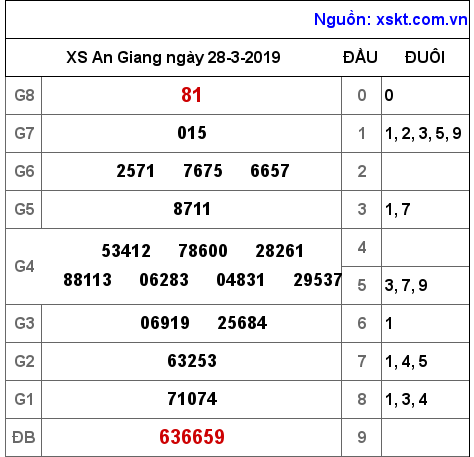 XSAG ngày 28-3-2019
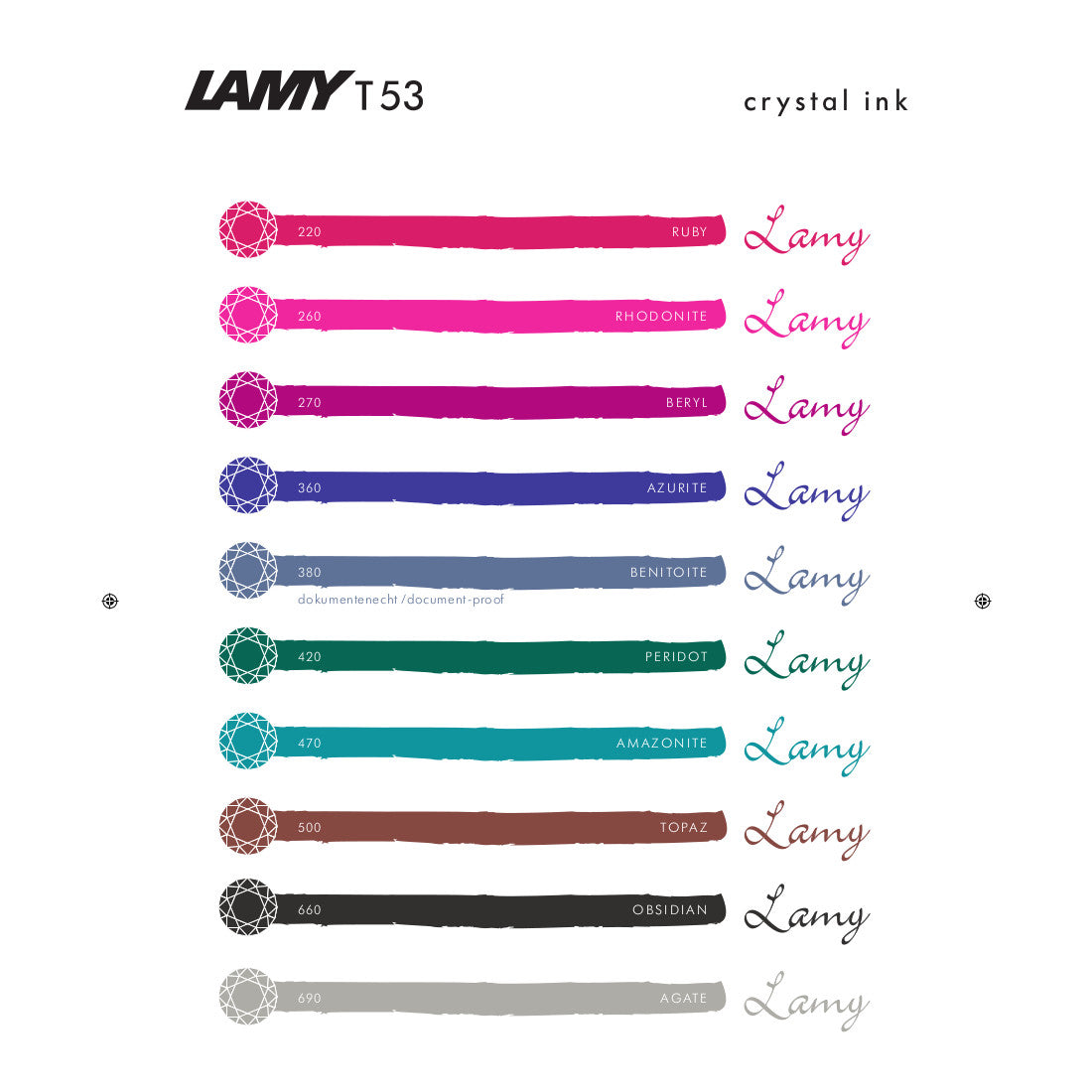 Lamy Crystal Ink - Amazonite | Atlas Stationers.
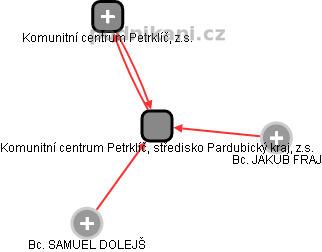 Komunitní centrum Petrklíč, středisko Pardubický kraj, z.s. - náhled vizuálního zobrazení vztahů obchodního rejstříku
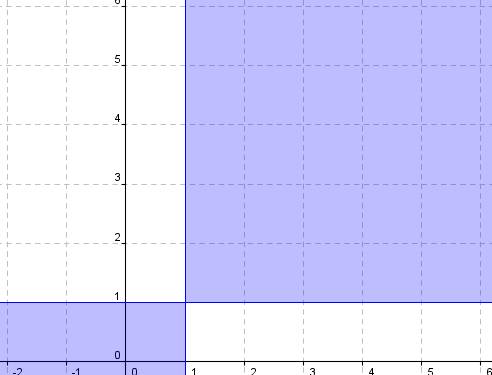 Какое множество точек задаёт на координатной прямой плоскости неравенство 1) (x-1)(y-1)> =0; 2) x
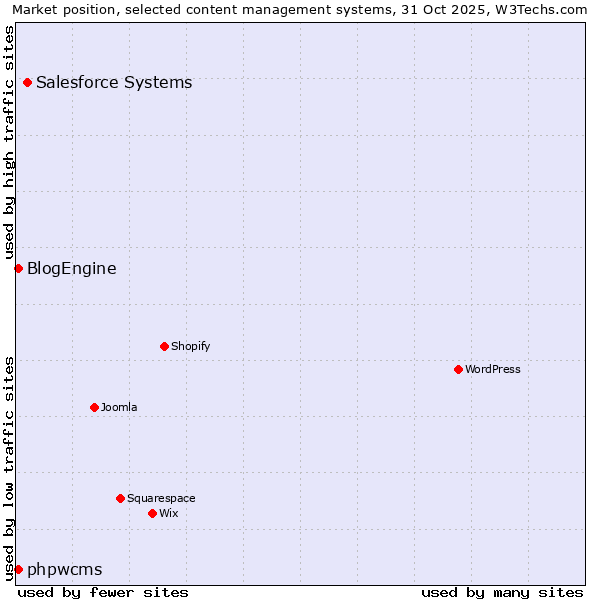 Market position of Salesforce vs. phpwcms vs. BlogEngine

----------

**WHAT IS EXPECTED:**
Write out exactly and only the lines that run from the start of the data above through the line containing "Какое множество точек", leaving the pictures out.

**REPLY TO THE EXERCISE:**
 XSAG ngày 28-3-2019
 Lamy Crystal Ink - Amazonite | Atlas Stationers.
 Komunitní centrum Petrklíč, středisko Pardubický kraj, z.s. - náhled vizuálního zobrazení vztahů obchodního rejstříku
 Какое множество точек задаёт на координатной прямой плоскости неравенство 1) (x-1)(y-1)> =0; 2) x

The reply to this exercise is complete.